We left Gavra on the sidewalk and made it through the roadblock without a problem. Katja flirted with the soldier checking our papers and asked how the revolution was coming along. He sighed and explained, as if to a child, that the terrorists-by that he meant the rooftop snipers-were still all over the city, shooting into crowds.

“Did you catch any yet?”

“Not that I’ve heard. But we know who they are.”

“Ministry, right?”

He shook his head. “That’s low even for the Ministry. We think they’re Libyans.”

Briefly, Katja glanced at me with a confused expression, then returned to him. “Libyans?”

“Yeah. Pankov made a deal with Muammar Qaddafi for his spe-cial forces to protect him in case this happened. Rumor is, when he came back on Sunday a second plane landed just afterward with about a hundred of these guys.”

“Oh,” said Katja. “And Pankov? Where is he?”

“Wouldn’t we all like to know?”

Later, that Libyan rumor would become accepted truth, though in fact none of the snipers was ever caught, and no one could find records of a second Libyan flight landing at Pankov-now Tisa-International.

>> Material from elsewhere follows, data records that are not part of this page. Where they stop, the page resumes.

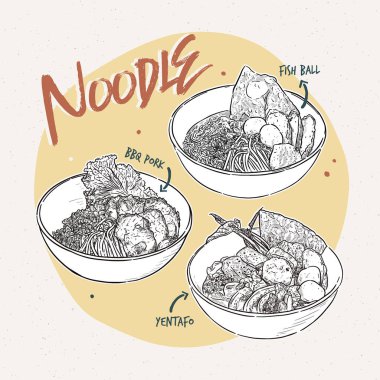 Noodle collection, Thai food. Hand draw sketch vector.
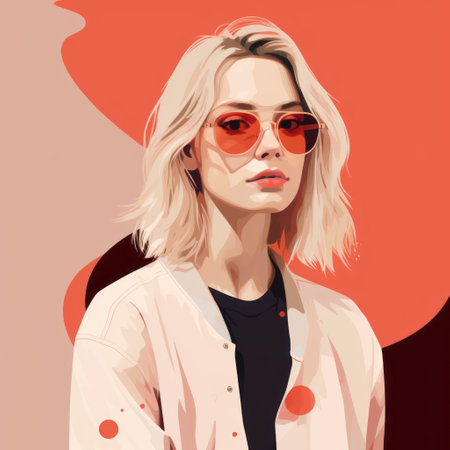 woman with orange and blue background wearing sunglasses and hairpins. studio portrait style with a light crimson and light black color scheme. the illustration has a fluid and loose feel, reminiscent of street pop art. inspired by the works of matti suuronen, the woman exudes charm like a character from an anime. the white and crimson elements add a striking contrast to the overall composition.の素材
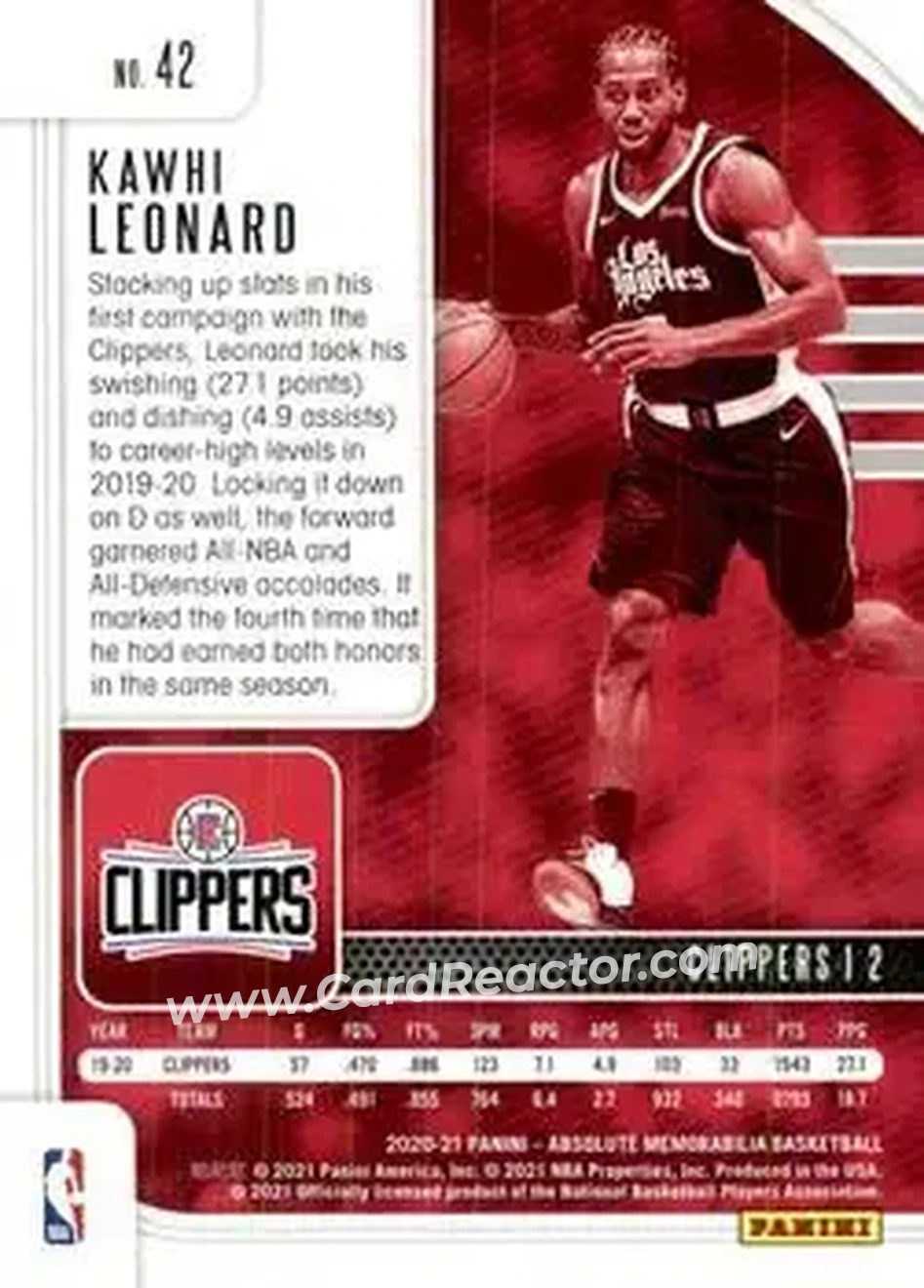 2020-21 Panini Absolute Memorabilia #42 - Kawhi Leonard - Los Angeles Clippers - Back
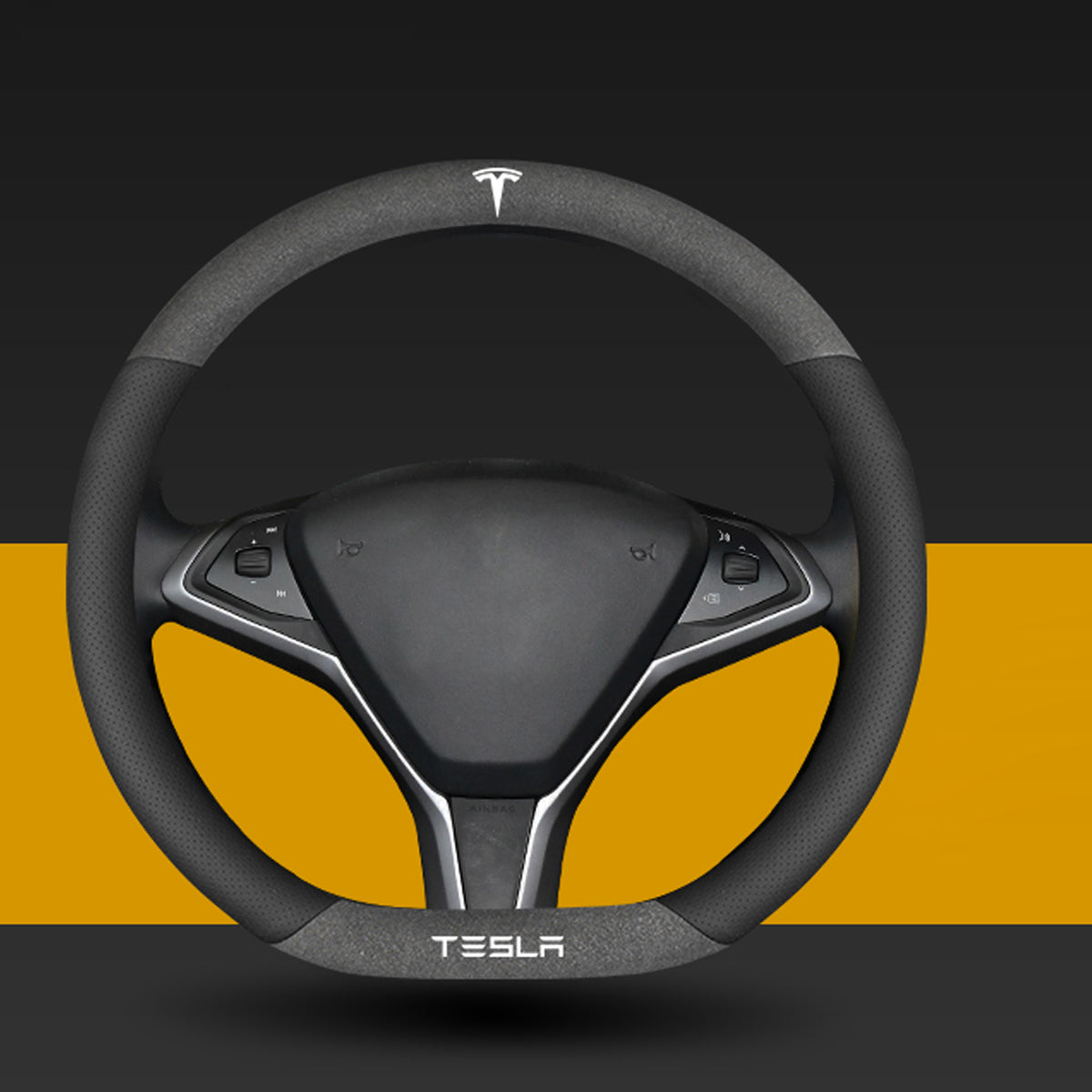 TESLAテスラ model3/Y/X/S 高級レザー スエード ハンドルカバー おしゃれ O型 D型 36CM 専用ハンドルカバー | iCarCompanion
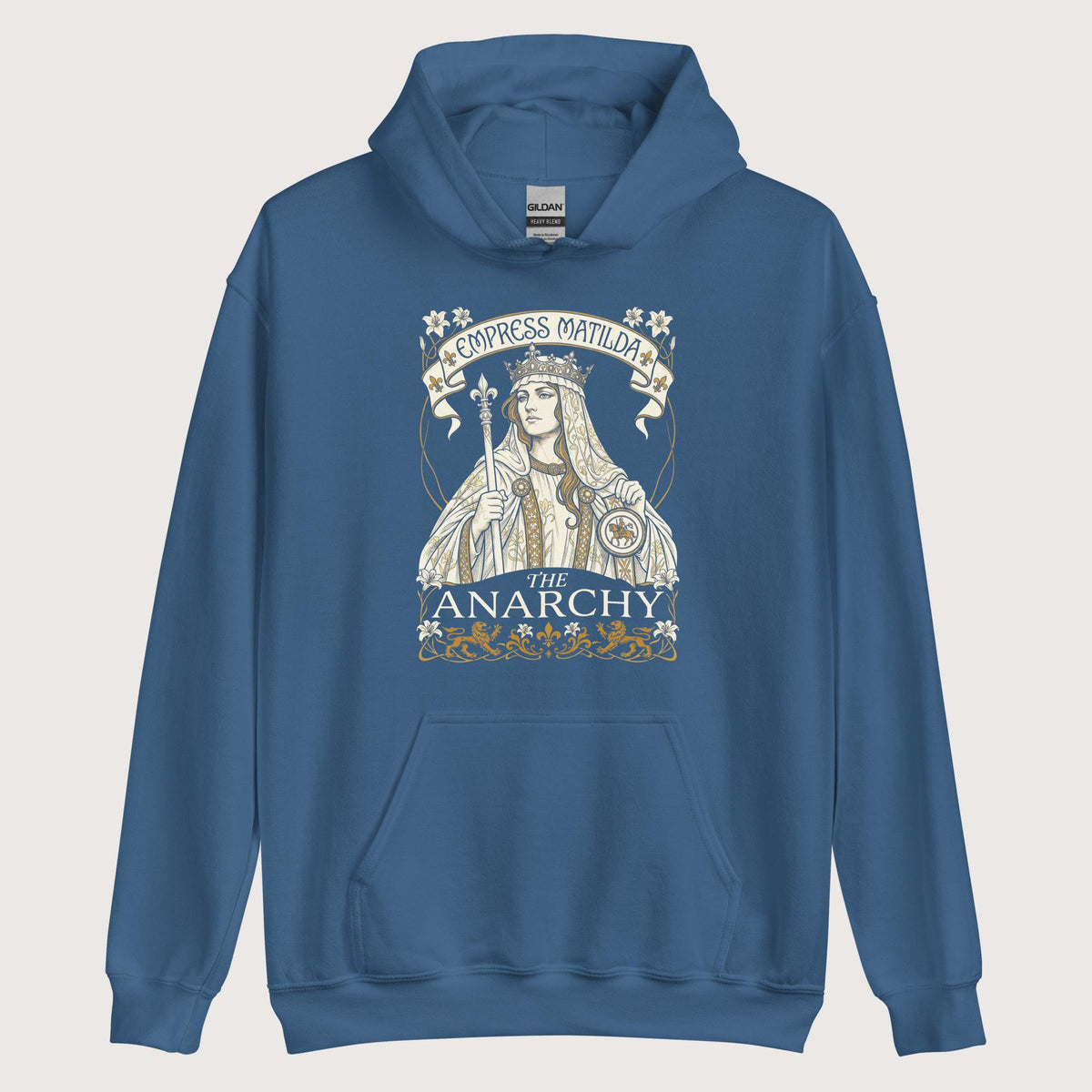 Indigo Blue Empress Matilda The Anarchy Hoodie - history buff gift by HistoHead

Romek’s home was different from Csilla Volan’s but no less magnificent. It was one of the old Habsburg residences, not unlike the house where Lena grew up. Its grounds had been neglected, trees and bushes growing wildly, pressing into the long driveway that took us to the front door.

I clutched Gavra’s Makarov and rang the bell, but there was no answer. After a few more tries, I helped Katja break in through a window, and a high-pitched alarm squealed. She found the control box beside the front door and used a brass candelabra to bang at it until the plastic casing fell off and she could rip apart the wires. By the time she opened the door for me, we had silence.

It was a vast house, decorated in period furniture shipped in from France and Italy. I was particularly taken by the kitchen, which was entirely American. There was a microwave oven, something I’d only seen in films, and a fully stocked refrigerator nearly as large as my bed.

While I stood mesmerized on the tiled floor, Katja searched the house. She called me when she found Romek’s office on the second floor. Unlike the rest of the house, it was entirely modern, with another IBM computer on a steel desk beside a lamp made of aluminum wires that looked like a sculpture. While the computer powered up, Katja went through the desk drawers, and I looked at the bookshelves.

“Here,” she said. She was crouched beside the desk, holding out a slip of printed paper for me. It was a TisAir flight itinerary for three people: Nikolai Romek, his wife, Elena, and his son, Andrea. Three seats on a plane to Paris. The plane had left the previous night at seven.

I groaned. “He’s gone.”

“Just before everything went to hell. As if he knew.”

I wondered about that: Did Romek know beforehand how Pankov’s rally would go? Had he arranged his and his family’s safety long beforehand? I checked the date at the top of the sheet-the ticket had been bought on Monday, the day after Tomiak Pankov returned from Libya.

The computer, Katja told me after a few minutes’frustration at the keyboard, was completely erased.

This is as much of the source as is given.